Ma neppure per la mannaia di Tremonti la via sembra così liscia come si poteva pensare. Se il dissenso di magistrati, funzionari pubblici, impiegati degli enti tagliati ecc.. era previsto qualcosa non ha funzionato secondo i piani per quello che riguarda comuni e Regioni. Passi per quelle “rosse”: anche lì il dissenso era largamente prevedibile. In verità contro i tagli di Tremonti si sono messi tutti i governatori e il più agguerrito è uno che proprio di sinistra non è, il “lumbard” Roberto Formigoni. Il presidente della Regione Lombardia non le ha mandate a dire al punto che, oramai, su YouTube è diventato testimonial involontario di uno spot del Pd che protesta contro la manovra. E anche i sindaci non stanno fermi. A guidare le fasce tricolori scontente è Sergio Chiamparino: in programma c’è un incontro al Quirinale con Napolitano ed una manifestazione in programma per il 23 giugno.

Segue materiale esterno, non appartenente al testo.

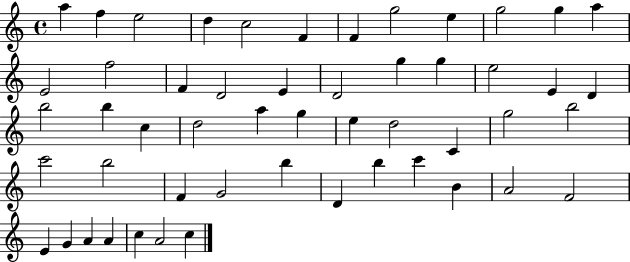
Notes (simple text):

A5/q F5/q E5/h D5/q C5/h F4/q F4/q G5/h E5/q G5/h G5/q A5/q E4/h F5/h F4/q D4/h E4/q D4/h G5/q G5/q E5/h E4/q D4/q B5/h B5/q C5/q D5/h A5/q G5/q E5/q D5/h C4/q G5/h B5/h C6/h B5/h F4/q G4/h B5/q D4/q B5/q C6/q B4/q A4/h F4/h E4/q G4/q A4/q A4/q C5/q A4/h C5/q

Mal di pancia a parte, però, c’è qualcosa di più, c’è un problema di consenso. E qui torna in ballo, ancora una volta, Umberto Bossi: la manovra colpisce gli enti locali e il nord paga un conto salato. C’è poi il problema del federalismo: la Lega chiede un sacrificio ai suoi elettori mentre del suo amato cavallo di battaglia si sa ancora poco e niente e soprattutto manca ancora un’analisi dei costi. Il grido d’allarme di Formigoni (“la manovra mette a rischio il federalismo fiscale”) fa il resto: Bossi, formalmente, ha rispedito al mittente le critiche ma un campanello di allarme si è certamente acceso.
E poi ci sono le province, un precedente su cui riflettere: sono scomparse prima dalla manovra e poi anche dalla Carta delle autonomie proprio per il no leghista. Se Bossi dà ascolto ai suoi amministratori locali è certamente possibile che Tremonti debba trovare qualche altra voce di bilancio da sforbiciare. Per tagliare 24 miliardi senza scontentare nessuno serve la bacchetta magica: quella con cui Berlusconi vorrebbe far sparire le intercettazioni e Tremonti vorrebbe far sparire chi protesta contro i tagli. La bacchetta magica, però, non c’è e allora, almeno per il momento, dietrofront.